But for el0_irq, after ESB is executed, we check whether DISR.A is set. If it is set, we jump to
(using BL) sError vector, process SEI, return back to irq handler and process irq, and then eret.

> 
>> But for el0_irq, the irq process following the ESB may should be executed because the irq is not related to the user process.
> 
> If we exit EL0 for an IRQ, and take an SError due to IESB we know the fault was
> due to EL0, not the exception level we entered to process the IRQ.
> 
> 
>> If we set HCR_EL2.AMO when SCR_EL3.EA is set. We can still inject an vSEI into host OS in EL3.
> 
> (from EL3?) Only if the host OS is running at EL1 and isn't using EL2. Firmware
> can't know if we're using EL2 so this can't work.
> 
> 
>> Physical SError won't be taken to EL2 because SCR_EL3.EA is set. But this may be too racy is
>> not consistent with ARM rules.
> 
> EL3 flipping bits in EL2 system registers behind EL2 software's back is going to
> have strange side effects. e.g. some Hypervisor may not change HCR_EL2 when
> switching VM-A to VM-B as the configuration is the same; now the virtual SError
> will be delivered to the wrong VM. (KVM doesn't do this, but Xen might.)
> 
> 
>>>>> You cant use SError to cover all the possible RAS exceptions. We already have
>>>>> this problem using SEI if PSTATE.A was set and the exception was an imprecise
>>>>> abort from EL2. We can't return to the interrupted context and we can't deliver
>>>>> an SError to EL2 either.
>>>>
>>>> SEI came from EL2 and PSTATE.A is set. Is it the situation where VHE is enabled and CPU is running
>>>> in kernel space. If SEI occurs in kernel space, can we just panic or shutdown.
>>>
>>> firmware-panic? We can do a little better than that:
>>> If the IESB bit is set in the ESR we can behave as if this were an ESB and have
>>> firmware write an appropriate ESR to DISR_EL1 if PSTATE.A is set and the
>>> exception came from EL2.
>>
>> This method may solve the problem I said above.
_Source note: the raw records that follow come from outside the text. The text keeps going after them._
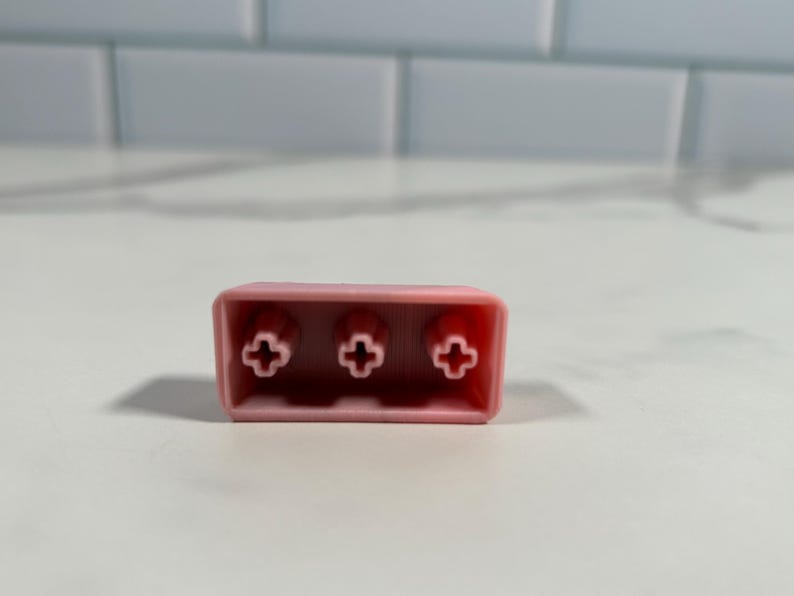 May include: A pink plastic keycap with three cross-shaped keycaps.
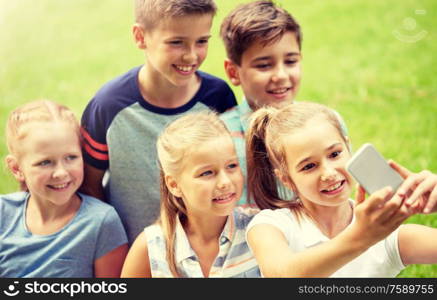 friendship, childhood, technology and people concept - group of happy kids or friends taking selfie by smartphone in summer park. happy kids or friends taking selfie in summer park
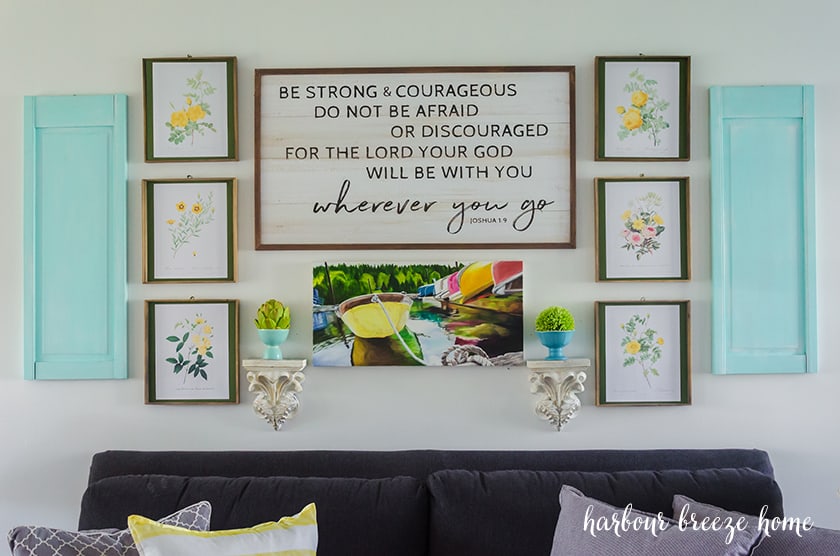 vintage printable art - yellow rose botanical prints-hung in an arrangement above a living room couch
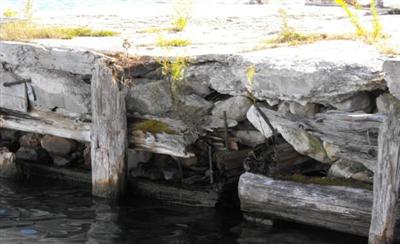 Image showing a wooden retaining crib failing with rotted and missing pieces of wood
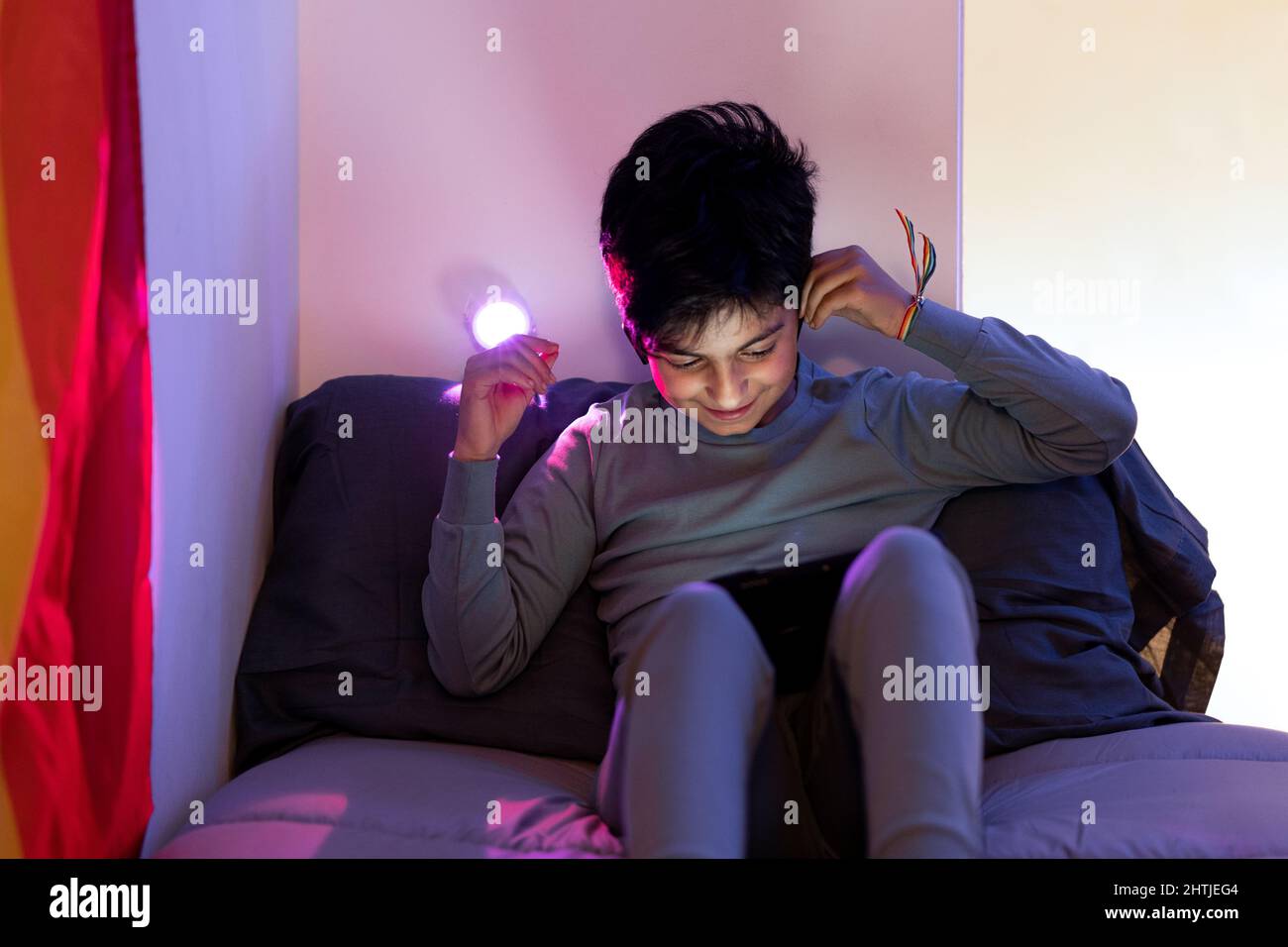 Happy Arab teen boy with rainbow bracelet on wrist wearing pajama adjusting wireless earphones while sitting on bed and using tablet Stock Photo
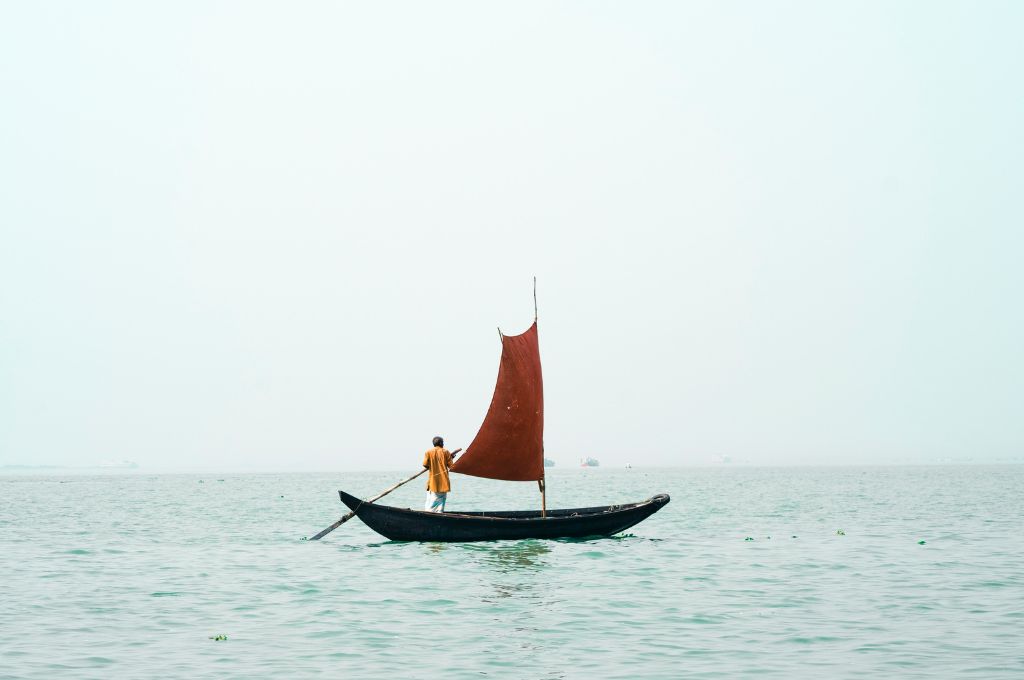 A man standing on a boat in the sea-leadership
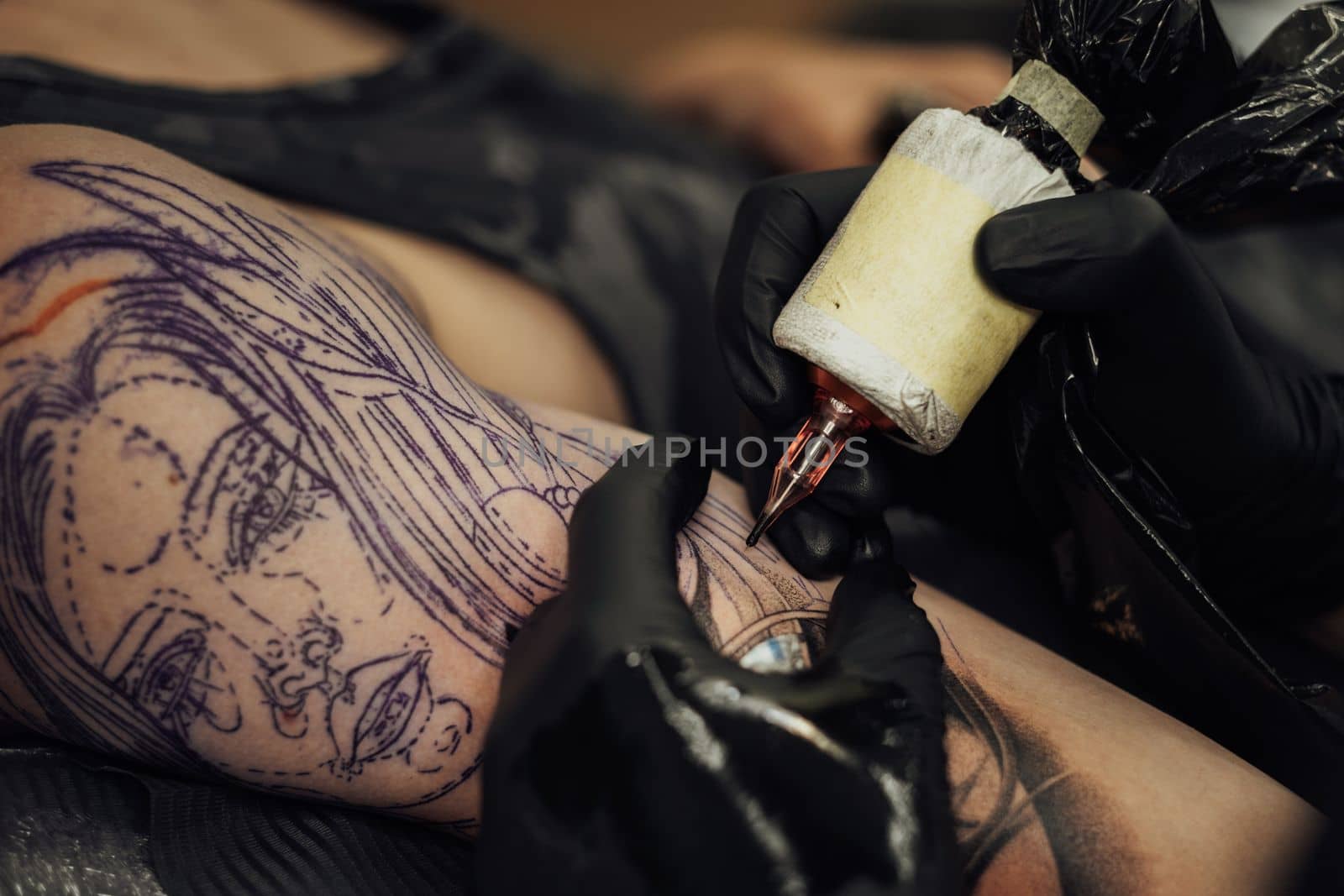 Close Up of Process of Creating Tattoo Art, Artist Draws on Clients Skin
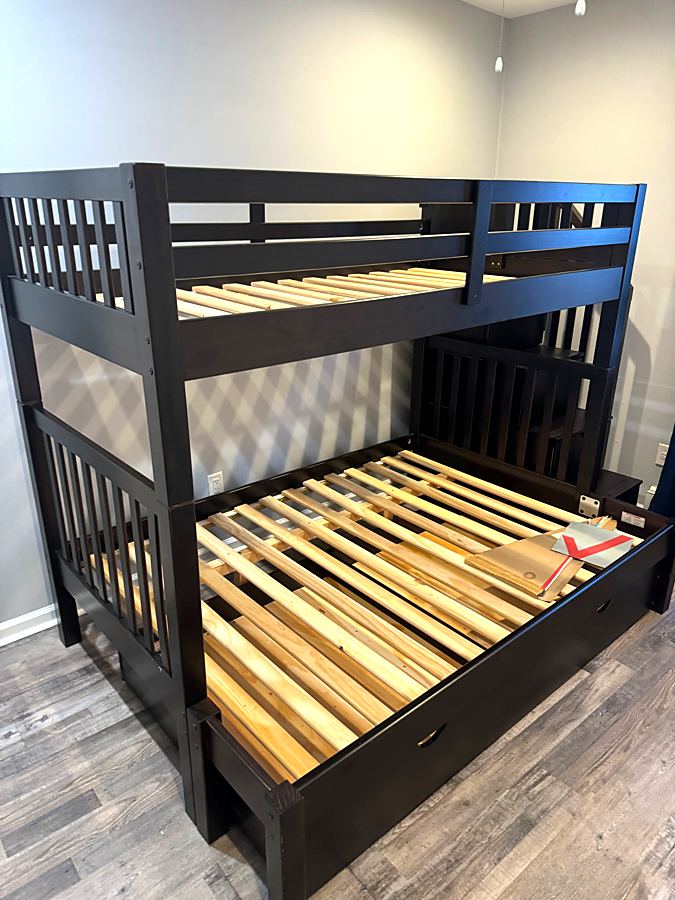 Assembled dark wood bunk bed with a lower full-size bed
>> Is IESB a new bit added int ESR in the newest RAS spec?
> 
> The latest ARM-ARM (DDI0487B.a) describes it as part of the "RAS Extension in
> ARMv8.2" in section 'A1.7.5 The Reliability, Availability, and Serviceability
> (RAS) Extension'.
> 
> Jumping to 'D7.2.28 ESR_ELx, Exception Syndrome Register (ELx)', then page
> D7-2284 for the 'ISS encoding for an SError interrupt', it indicates "the SError
> interrupt was synchronized by the implicit [ESB] and taken immediately"
> 
> 
> As above, with IESB for changes in exception level, and unmasking PSTATE.A for
> any other use of ESB, Linux can make sure that firmware can always notify us of
> an APEI event using SEI.
> 
> Another OS (or even UEFI) may not do the same, so firmware should be prepared
> for ESB to be executed with PSTATE.A masked (i.e, not using IESB). If there is
> no wider firmware-policy for this (reboot, notify a remote CPU), then returning
> to the faulting location and trying to inject SError later is all we can do.
> 
> 
> Thanks,
> 
> James
> 
> .
> 
Thanks,
Wang Xiongfeng